Malachi 3:1-4; Luke 3:1-6; Philippians 1:3-11.

Malachi 3:1-4

“See, I am sending my messenger to prepare the way before me, and the Lord whom you seek will suddenly come to his temple.  The messenger of the covenant in whom you delight – indeed, he is coming, says the Lord of hosts.  But who can endure the day of his coming, and who can stand when he appears? 

“For he is like a refiner’s fire and like fullers’ soap; he will sit as a refiner and purifier of silver, and he will purify the descendants of Levi and refine them like gold and silver, until they present offerings to the Lord in righteousness.  Then the offering of Judah and Jerusalem will be pleasing to the Lord as in the days of old and as in former years”.
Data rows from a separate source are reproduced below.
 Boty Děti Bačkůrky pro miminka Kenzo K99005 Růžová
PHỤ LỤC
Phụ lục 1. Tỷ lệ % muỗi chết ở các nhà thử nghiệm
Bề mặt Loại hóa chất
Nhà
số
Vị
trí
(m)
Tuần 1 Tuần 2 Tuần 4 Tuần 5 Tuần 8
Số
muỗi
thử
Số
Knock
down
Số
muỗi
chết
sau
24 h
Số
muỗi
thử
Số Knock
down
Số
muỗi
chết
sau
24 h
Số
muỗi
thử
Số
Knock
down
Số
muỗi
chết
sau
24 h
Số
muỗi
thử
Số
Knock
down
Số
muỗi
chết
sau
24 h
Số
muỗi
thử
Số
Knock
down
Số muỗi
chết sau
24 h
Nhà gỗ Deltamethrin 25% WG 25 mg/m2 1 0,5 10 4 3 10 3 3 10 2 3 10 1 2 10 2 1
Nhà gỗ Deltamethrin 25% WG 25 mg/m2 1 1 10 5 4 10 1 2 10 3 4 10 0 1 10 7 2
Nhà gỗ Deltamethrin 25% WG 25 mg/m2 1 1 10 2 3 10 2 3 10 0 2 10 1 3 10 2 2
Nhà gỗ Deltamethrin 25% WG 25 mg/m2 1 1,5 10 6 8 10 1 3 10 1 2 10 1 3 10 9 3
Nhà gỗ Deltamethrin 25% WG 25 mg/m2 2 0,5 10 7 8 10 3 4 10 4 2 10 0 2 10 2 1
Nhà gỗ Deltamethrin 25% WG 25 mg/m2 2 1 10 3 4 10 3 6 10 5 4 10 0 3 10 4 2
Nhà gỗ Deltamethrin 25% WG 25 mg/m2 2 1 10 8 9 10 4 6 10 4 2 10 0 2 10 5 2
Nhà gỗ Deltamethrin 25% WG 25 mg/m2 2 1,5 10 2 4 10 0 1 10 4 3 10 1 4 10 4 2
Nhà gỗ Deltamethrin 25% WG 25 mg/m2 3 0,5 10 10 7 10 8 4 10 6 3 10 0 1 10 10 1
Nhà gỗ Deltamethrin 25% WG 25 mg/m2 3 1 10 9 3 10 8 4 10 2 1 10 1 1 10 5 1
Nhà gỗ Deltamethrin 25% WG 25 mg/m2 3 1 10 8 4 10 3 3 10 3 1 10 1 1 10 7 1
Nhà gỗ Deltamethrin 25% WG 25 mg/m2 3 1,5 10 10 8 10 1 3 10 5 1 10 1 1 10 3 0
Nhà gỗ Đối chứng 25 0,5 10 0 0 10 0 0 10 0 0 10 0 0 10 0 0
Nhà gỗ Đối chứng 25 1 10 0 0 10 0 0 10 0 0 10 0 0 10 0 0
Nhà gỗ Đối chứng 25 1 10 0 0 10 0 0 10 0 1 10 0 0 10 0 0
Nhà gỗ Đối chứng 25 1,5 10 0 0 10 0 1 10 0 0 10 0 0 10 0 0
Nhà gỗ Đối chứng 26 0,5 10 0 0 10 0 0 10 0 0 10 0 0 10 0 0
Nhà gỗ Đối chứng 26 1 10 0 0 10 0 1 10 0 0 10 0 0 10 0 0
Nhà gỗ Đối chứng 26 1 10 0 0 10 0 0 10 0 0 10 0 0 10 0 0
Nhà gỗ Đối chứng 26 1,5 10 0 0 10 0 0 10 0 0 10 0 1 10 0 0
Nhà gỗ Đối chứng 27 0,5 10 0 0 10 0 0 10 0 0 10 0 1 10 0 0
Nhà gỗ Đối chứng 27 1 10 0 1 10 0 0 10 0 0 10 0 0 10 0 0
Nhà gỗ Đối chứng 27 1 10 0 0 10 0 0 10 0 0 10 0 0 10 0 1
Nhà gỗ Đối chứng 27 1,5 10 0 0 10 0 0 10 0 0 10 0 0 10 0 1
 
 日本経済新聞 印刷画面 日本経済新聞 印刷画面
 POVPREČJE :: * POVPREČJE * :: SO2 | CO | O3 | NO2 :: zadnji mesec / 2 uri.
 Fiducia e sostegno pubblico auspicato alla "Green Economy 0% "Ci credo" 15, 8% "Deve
One cannot read this passage in scripture without hearing those words so dramatically and powerfully sung in Handel’s “Messiah”.  In a most profound sense, this passage is meant more to be sung than to be read!
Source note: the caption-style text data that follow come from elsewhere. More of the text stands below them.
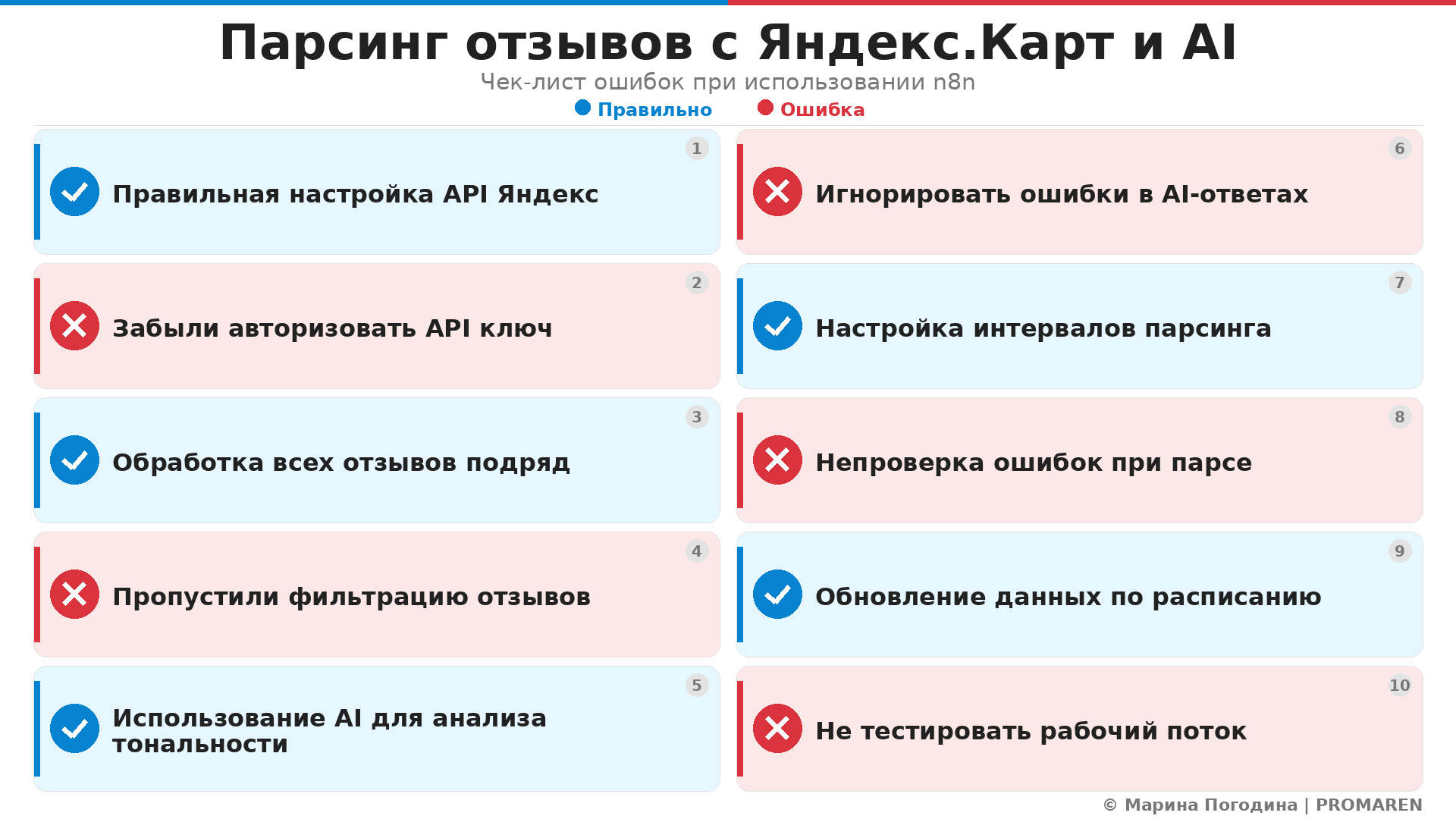 Парсинг отзывов с Яндекс.Карт и AI. Автор: Марина Погодина | PROMAREN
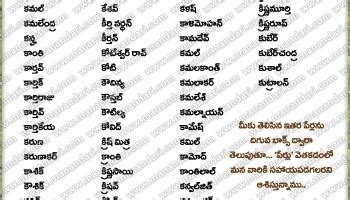 Kalki, destroyer of sins ; Baby Boy Names Starting With Ko In Telugu - Baby Viewer
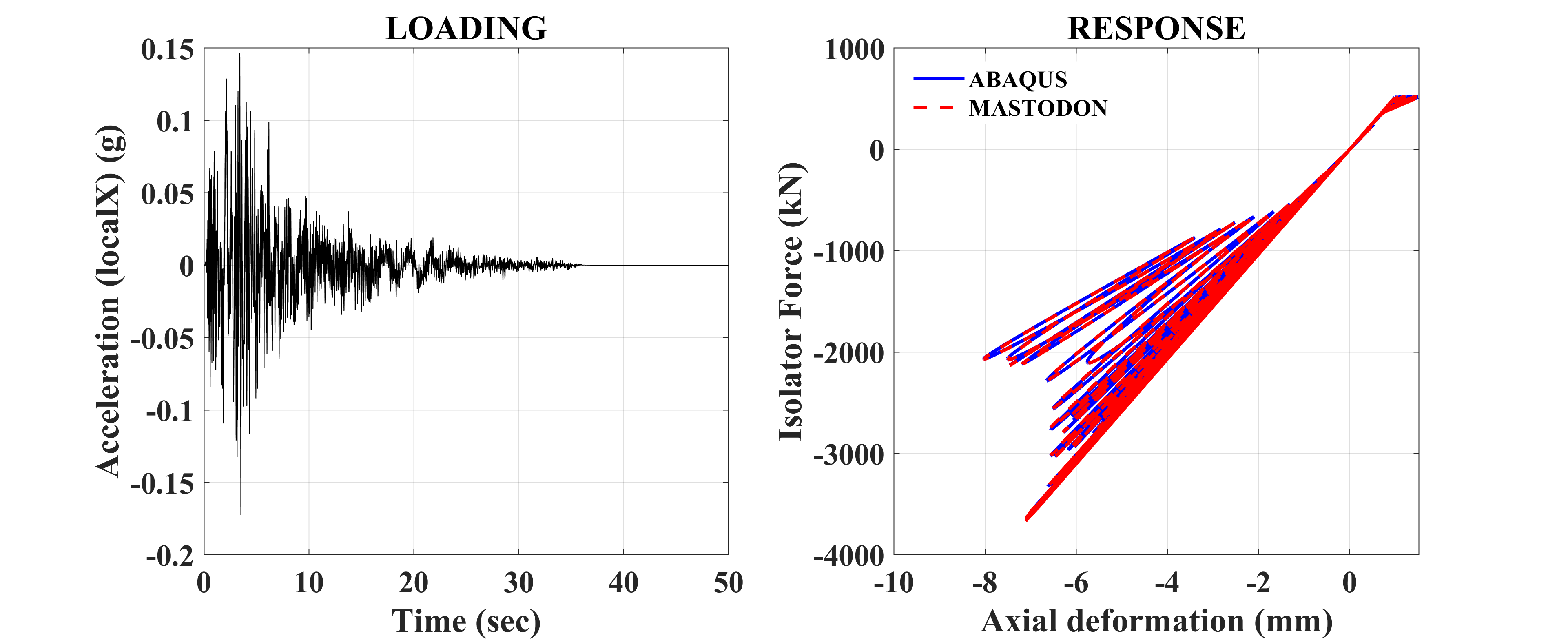 Axial response of the LR isolator to the prescribed seismic loading.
But it is important to move behind the beauty and the poetic power of these words to their meaning.  For it is true that what Malachi is prophesying lends itself magnificently to its inevitable use by the early Christians as they seek to connect the ministries of John the Baptist and of Jesus with the Hebrew prophecies of the forerunner and the Messiah.

There is an innate ambiguity in this scripture because the word “messenger” is used to refer to two distinct people.  It is possible to read it as one person.  But to do so makes the passage itself internally inconsistent as well as thoroughly confusing.

The two people foretold in this passage are “my (i.e., God’s) messenger” and “the messenger of the covenant”.  Malachi tells us that “my messenger” is one chosen by God to “prepare the way before (God)” who “will suddenly come to his temple”.  What is behind this statement is the completion of a prophecy earlier enunciated by Ezekiel.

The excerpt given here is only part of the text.